James was sitting on the edge of his bed when Ned Veigler gently pushed open the door. James was staring down at his toes and muttering to himself in a low voice - “Don’t be selfish, you can’t expect him to sit about weeping for Moony when he has a chance like this. You’re fine. You’re not depressed like he was, he needs Remus and you’re fine alone if you need to be. And nothing’s going to happen anyway, James. Bloody hell, of course not, he’s dad, he’s going to be alright! Don’t be an idiot. Don’t be selfish… You march down there and tell Sirius you’re happy for him and Moony. Go on. Do it, you great prat.” But he couldn’t… He sat exactly where he was, his lip trembling and he whispered, “Maybe just a minute more of being selfish. But then you go and you tell him… Alright.” His throat felt like a great lump.
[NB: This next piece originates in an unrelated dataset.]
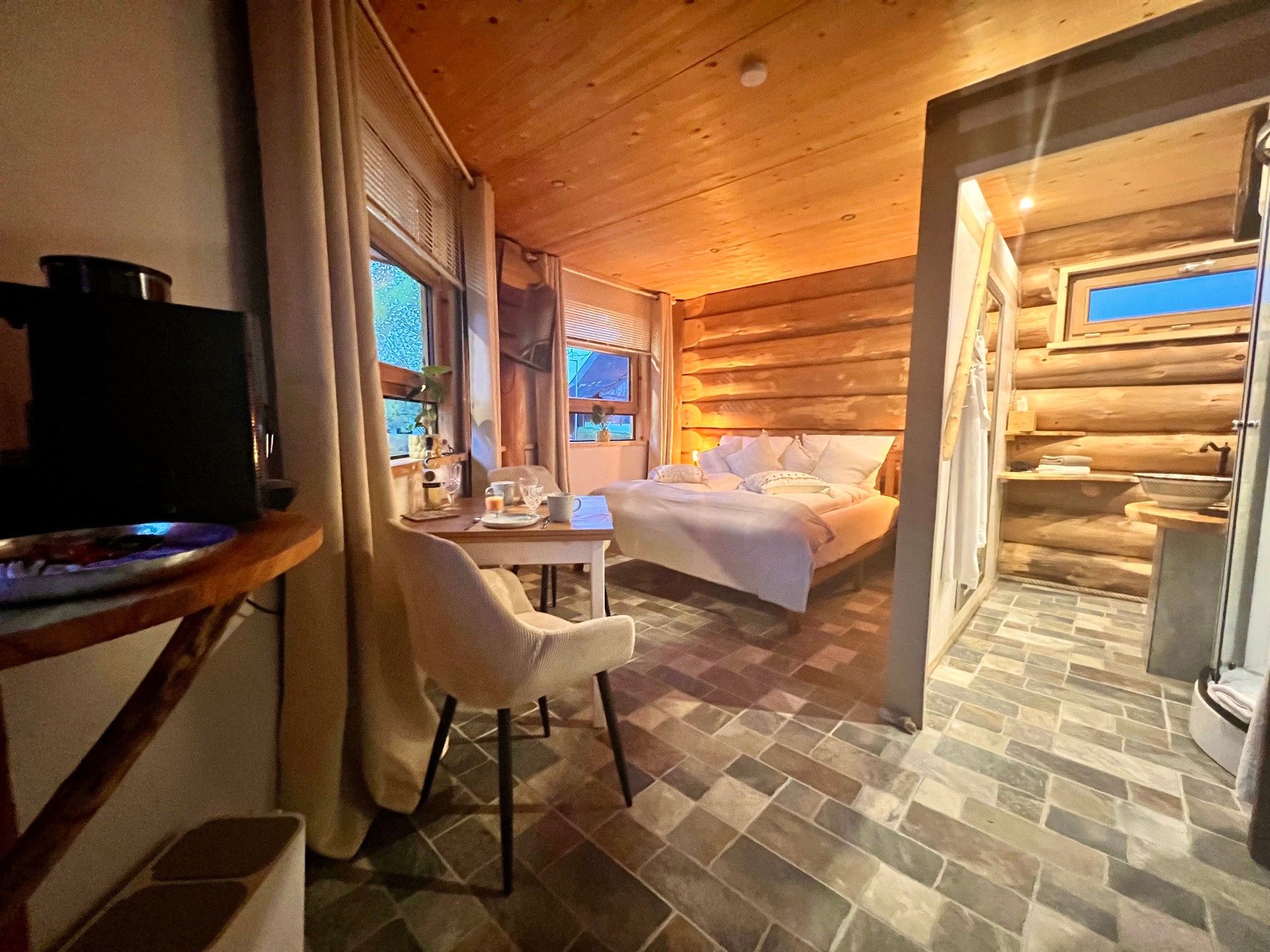 A cozy log cabin room with a bed, a dining table, and a television.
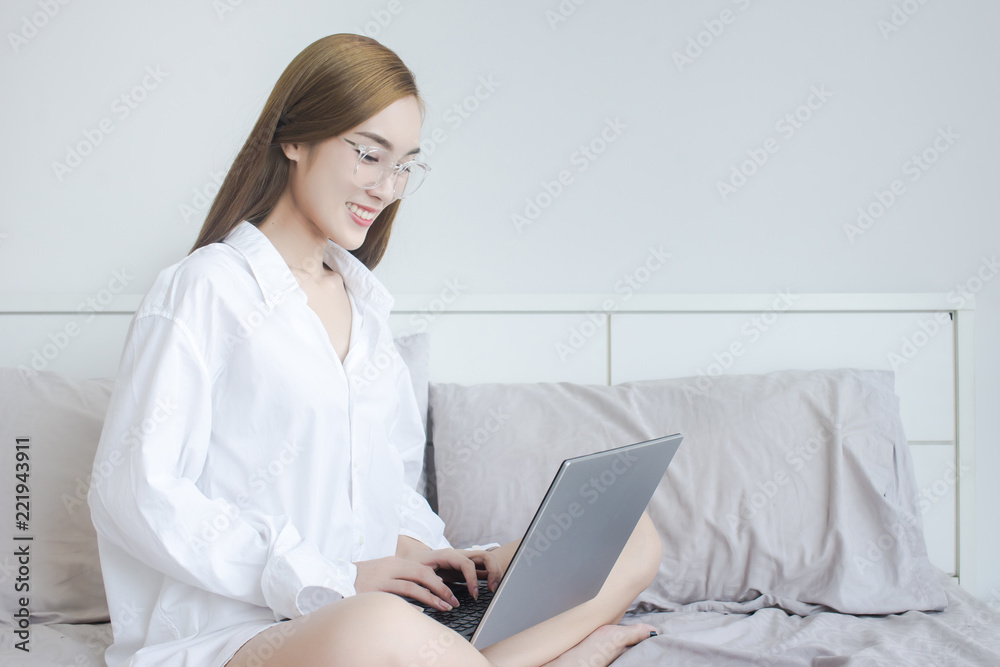 Beautiful Asian Woman use of laptop computer for working at home Beautiful Asian Woman use of laptop computer for working at home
Ned cleared his throat, not wanting to startle James coming in the door behind him, and James turned about in surprise and stared at Ned for a moment. He stood up and he said, in a falsely chipper voice, which cracked along the edges a wee bit, “I was just - coming to get my trainers… so very happy -- Sirius and Remus… I mean…” He paused. Ned was just staring at him with these sympathetic eyes and James sighed.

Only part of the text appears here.